The constant of proportionality happens to be the magic number 1.4826 for some technical reason. For example, if we have just 3 values 1,2 and 4, then
• the median is 2,
• absolute deviations from median are |1-2|=1, |2-2|=0 and |4-2|=2,
• median of the absolute deviations is 1,
The function `mad` computes this.
```mad(c(1,2,4))
```
For example,
```mad(hip[,1])
```
We want to compute both the median and MAD using one function. So we write
```f = function(x) c(median(x), mad(x))
f(hip[,1])
```

 Exercise: What will be the result of the following? ```apply(hip,2,f) ```

There is yet another way to measure the dispersion of a data set. This requires the concept of a quantile. Some examinations report the grade of a student in the form of percentiles. A 90-percentile student is one whose grade is exceeded by 10% of all the students. The quantile is the same concept except that it talks about proportions instead of percentages. Thus, the 90-th percentile is 0.90-th quantile.

 Exercise: The median of a data set is the most central value. In other words, exactly half of the data set exceeds the median. So for what value of p is the median the p-th quantile?

The R function `quantile` (not surprisingly!) computes quantiles.
```quantile(hip[,1],0.10)
quantile(hip[,1],0.50)
median(hip[,1])
```
The 0.25-th and 0.75-th quantiles are called the first quartile and the third quartile, respectively.

 Exercise: What is the second quartile?

```quantile(hip[,1],c(0.25,0.50,0.75))
```
The difference between first and third quartiles is another measure of the dispersion of a data set, and is called the InterQuartile Range (IQR). There is function called `summary` that computes quite a few of the summary statistics.
```summary(hip)
```

 Exercise: Look up the online help for the functions `cov` and `cor` to find out what they do. Use them to find the covariance and correlation between `RA` and `pmRA`.

### Handling missing values

So far we have ignored the `NA` problem completely. The next exercise shows that this is not always possible in R.

 Exercise: The function `var` computes the variance. Try `apply`ing it to the columns of our data set.
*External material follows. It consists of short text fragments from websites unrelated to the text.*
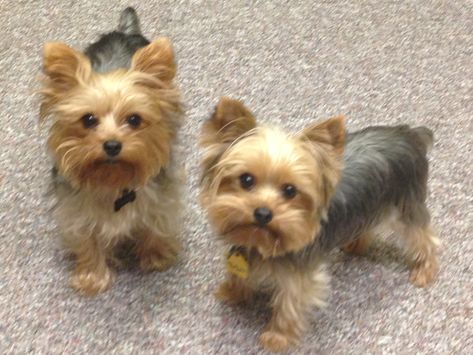 I get to work with these two adorable yorkies everyday.  They really are BFFs Top Dog Breeds, Yorkie Terrier, Cutest Puppies, Teacup Yorkie, Dog Pics, Tiny Puppies, Dream Dog, Yorkshire Terriers, Yorkie Dogs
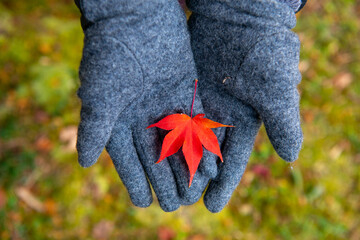 Red autumn leaf held in hand, with a blurred background, capturing the essence of the season's beauty - 620412857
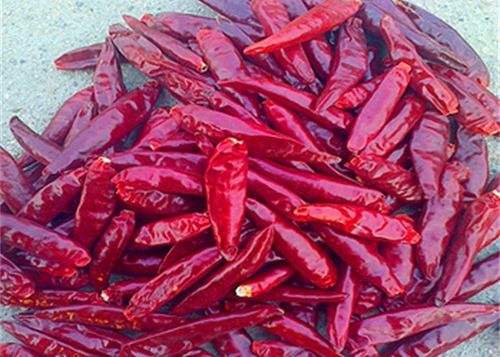 El ANUNCIO sin pie secó pájaros observa los chiles 20000 SHU Red Chilli Peppers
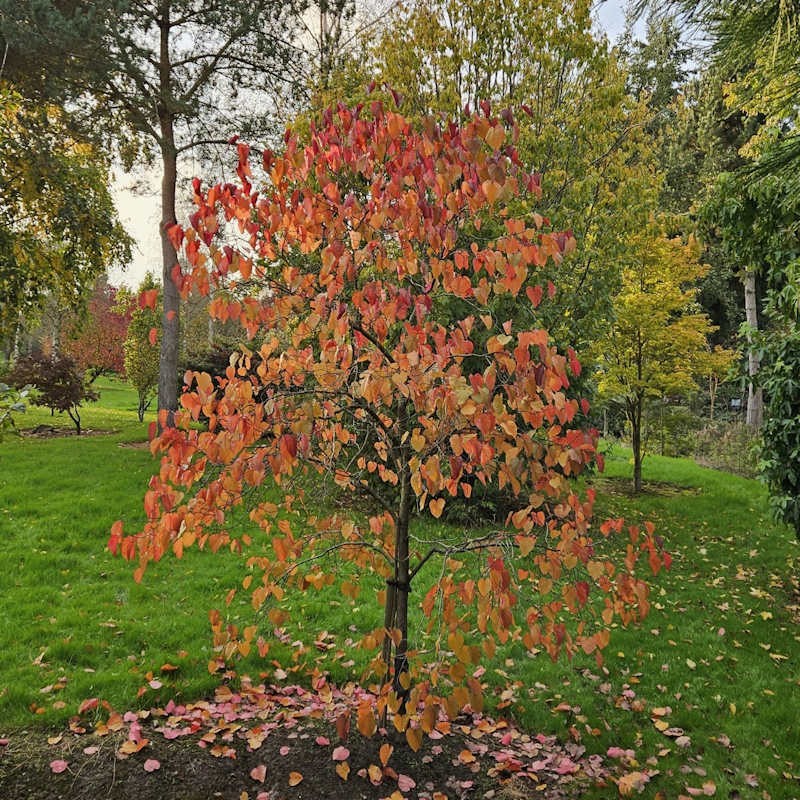Cercis canadensis 'Merlot' - autumn colour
`NA` denotes missing data in R. It is like a different kind of number in R (just like Inf, or NaN). Any mathematics with `NA` produces only `NA`
```NA + 2
NA - NA
```
The function `is.na` checks for presence of `NA`s in a vector or matrix.
```x = c(1,2,NA)
is.na(x)
any(is.na(x))
```
The function `any` reports TRUE if there is at least one TRUE in its argument vector. The `any` and `is.na` combination is very useful. So let us make a function out of them.
```hasNA = function(x) any(is.na(x))
```

 Exercise: What is the consequence of this? ```apply(hip,2,hasNA) ```

This exercise shows that only the last variable has `NA`s in it. So naturally the following commands
```min(B.V)
max(B.V)
mean(B.V)
```
all return `NA`. But often we want to apply the function on only the non-NAs. If this is what we want to do all the time then we can omit the `NA` from the data set it self in the first place. This is done by the `na.omit` function
```hip1 = na.omit(hip)
dim(hip)
dim(hip1)
```
This function takes a very drastic measure: it simply wipes out all rows with at least one `NA` in it.
```apply(hip,2,mean)
apply(hip1,2,mean)
```
Notice how the other means have also changed. Of course, you may want to change only the `B.V` variable. Then you need
```B.V1 = na.omit(hip[,"B.V"])
```

 Exercise: Compute the variances of all the columns of `hip1` using `apply`.

There is another way to ignore the `NA`s without omitting them from the original data set.
```mean(hip[,"B.V"],na.rm=T)
var(hip[,"B.V"],na.rm=T)
```
Here `na.rm` is an argument that specifies whether `NA`s should be removed. By setting it equal to `T` (or `TRUE`) we are asking the function to remove all the obnoxious `NA`s.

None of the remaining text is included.